The positional tolerance shown would give us a virtual condition diametrical tolerance zone size of 9 – 0.4 (MMC) – 0.3 (perpendicularity) = 8.3 mm.

We also have a refinement of the positional tolerance with a perpendicularity requirement. In this situation, we have a virtual condition size of 9 – 0.4 (MMC) – 0.2 (perpendicularity) = 8.4 mm.

So, if datum H was referenced as a secondary datum, one would use the perpendicularity refinement resulting in a MMB of  9 – 0.4 – 0.2 (perpendicularity) = 8.4 mm.


In our situation, datum H is a tertiary datum and only used for orienting (anti-rotation) the part about datum G so that we are able to confirm all the dimensions. In our situation, we will use the MMB of 9 – 0.4 – 0.3 (positional) = 8.3 mm which includes the positional tolerances rather than its refinement of a perpendicular tolerance.
Here we have 4 holes of 8 +/- 0.3 mm.
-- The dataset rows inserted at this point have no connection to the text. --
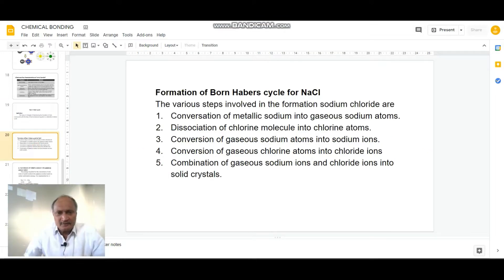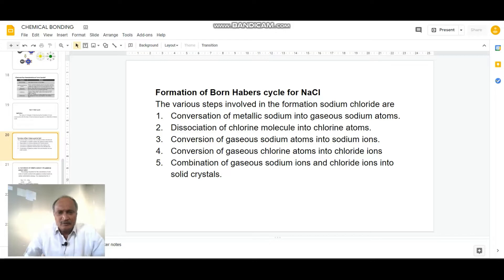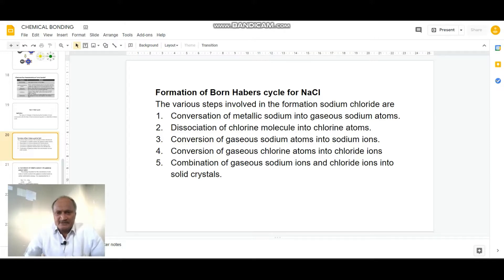Coming to the formation of the Born-Haber cycle for a crystalline compound like sodium chloride, there are many steps involved in the formation of an ionic compound. Today I am going to explain in detail about the various steps involved by taking the example of sodium chloride.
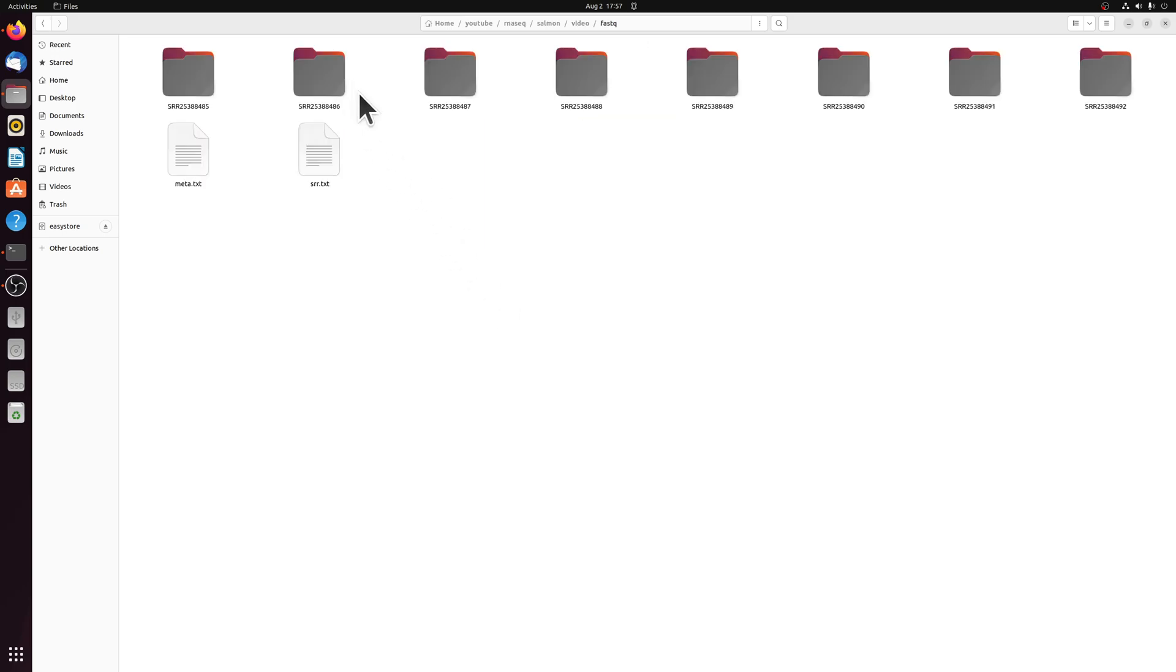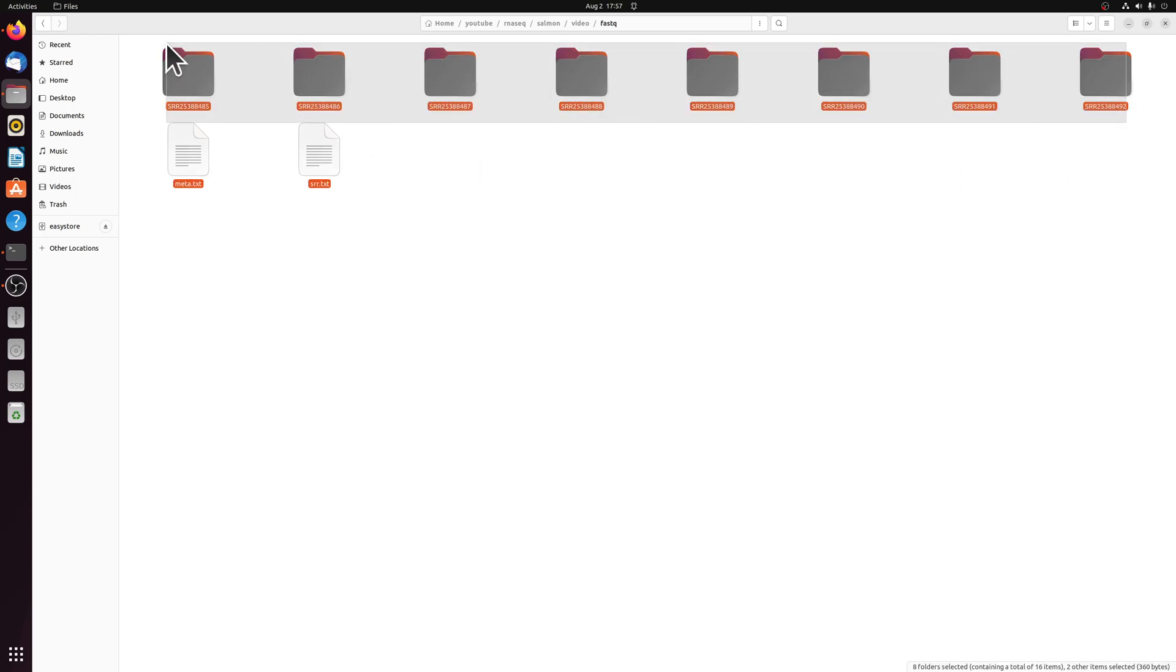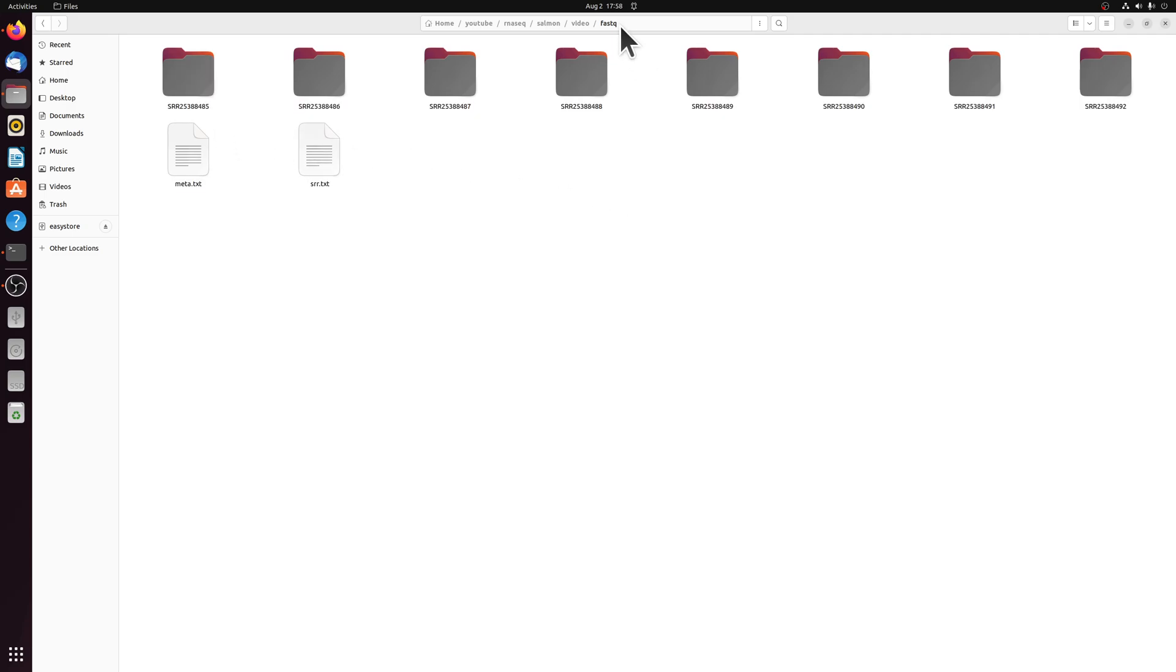You can have these set up however you want, you'll just need to point to them later. But if you want to follow along exactly with this tutorial, I have them in a FASTQ parent directory.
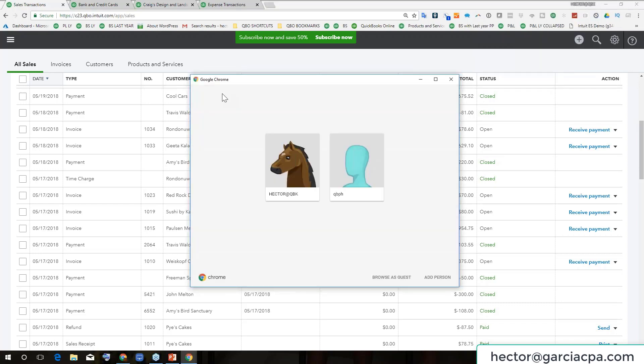This has nothing to do with a QuickBooks user. This is a Google Chrome user and every Google Chrome user is its own instance of a connection with QuickBooks.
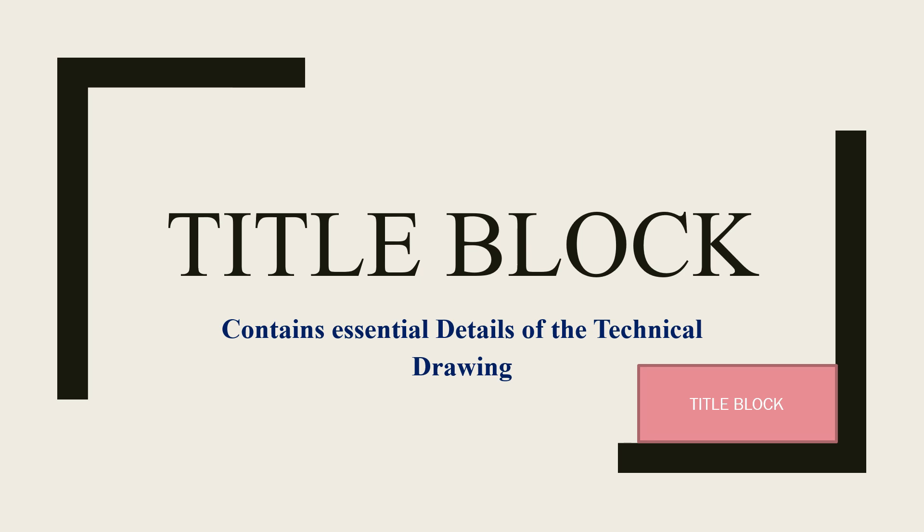Hello, welcome back to Mechanical Engineering Design. In this video I'm going to look at a title block. A title block is an important part that contains essential details of a technical drawing. What are the essential details?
The feature control frame reflects a positional tolerance of a diametrical tolerance zone of 0.25 mm beyond the MMC referencing primary datum A (usually the mounting surface), secondary datum G at MMC (12 mm hole) and tertiary datum H also at MMC (9 mm hole).

We have already discussed that fact that the MMB changes depending upon whether it is a primary, secondary or tertiary datum. If there is any doubt about the MMB, one can reflect the actual MMB size in the feature control frame as shown above using brackets about the MMB size. This method can also be used if MMB size differs from the calculated size.

Let’s say we wanted the MMB size of datum H to be its refinement size of 8.4. One would then replace the 8.3 in the feature control frame with the refined size of 8.4 and that superseded the calculated MMB size.